- **WHAT IS NEEDED**:
Starting with the first line of the data below, copy each line up to and including the one containing "Spacious living area". Pictures stay out.

- **SUPPLIED RECORDS**:
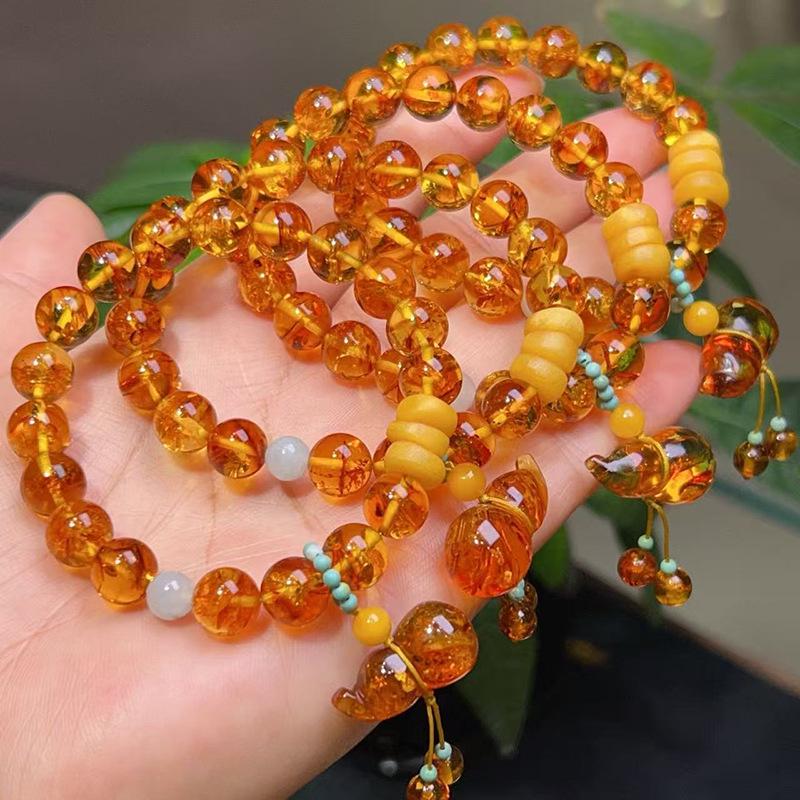 Bracelet unisexe en perles d'ambre ethnique: Design Floral, Perles Rondes en Cire d'Abeille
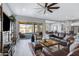 Spacious living area with sliding glass doors, leather furniture, and an open layout at 24738 N 175Th Ave, Surprise, AZ 85387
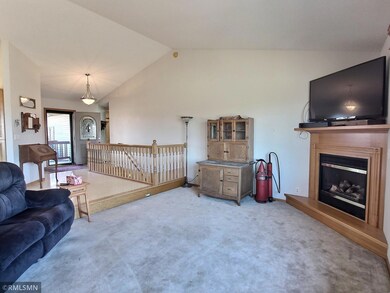 The sunken living room is centered by corner gas fireplace that warms up the area on those cold winter nights.
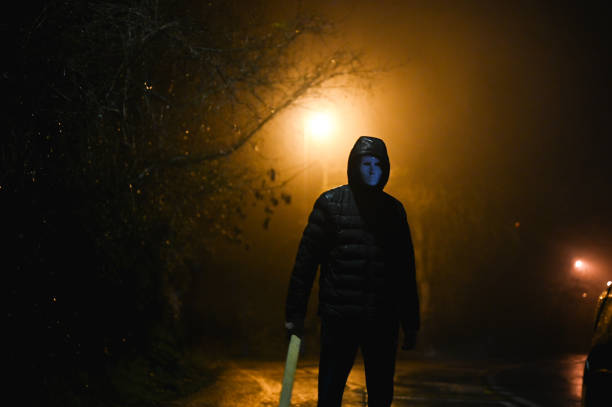 istock spooky hooded figure in fog 2198423763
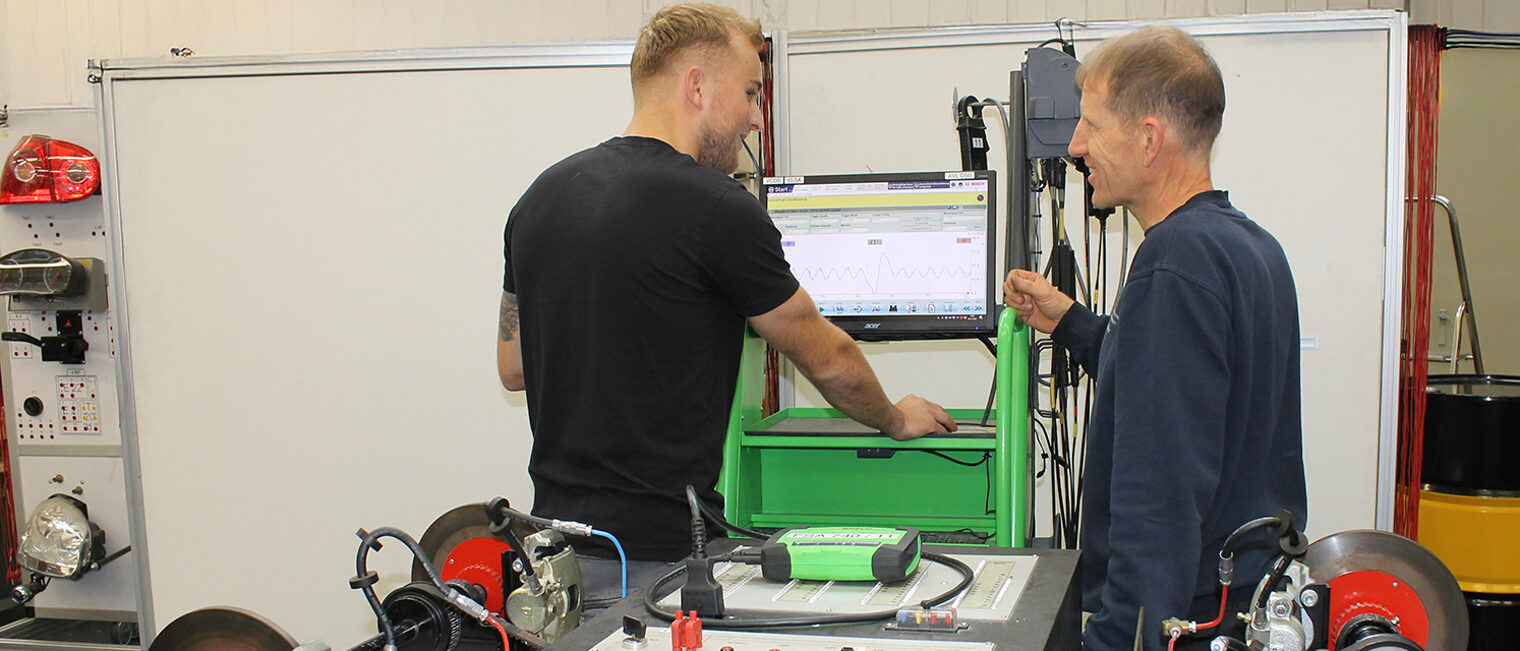 Ausbilder im Gespräch mit Azubi zur ABS Kontrolle in Kfz-Technik-ÜLU Freiberuflicher Kfz-Meister/in gesucht für ÜLU in Aschaffenburg – praxisnah im Werkstattalltag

- **RESULT OF THE EXERCISE**:
 Bracelet unisexe en perles d'ambre ethnique: Design Floral, Perles Rondes en Cire d'Abeille
 Spacious living area with sliding glass doors, leather furniture, and an open layout at 24738 N 175Th Ave, Surprise, AZ 85387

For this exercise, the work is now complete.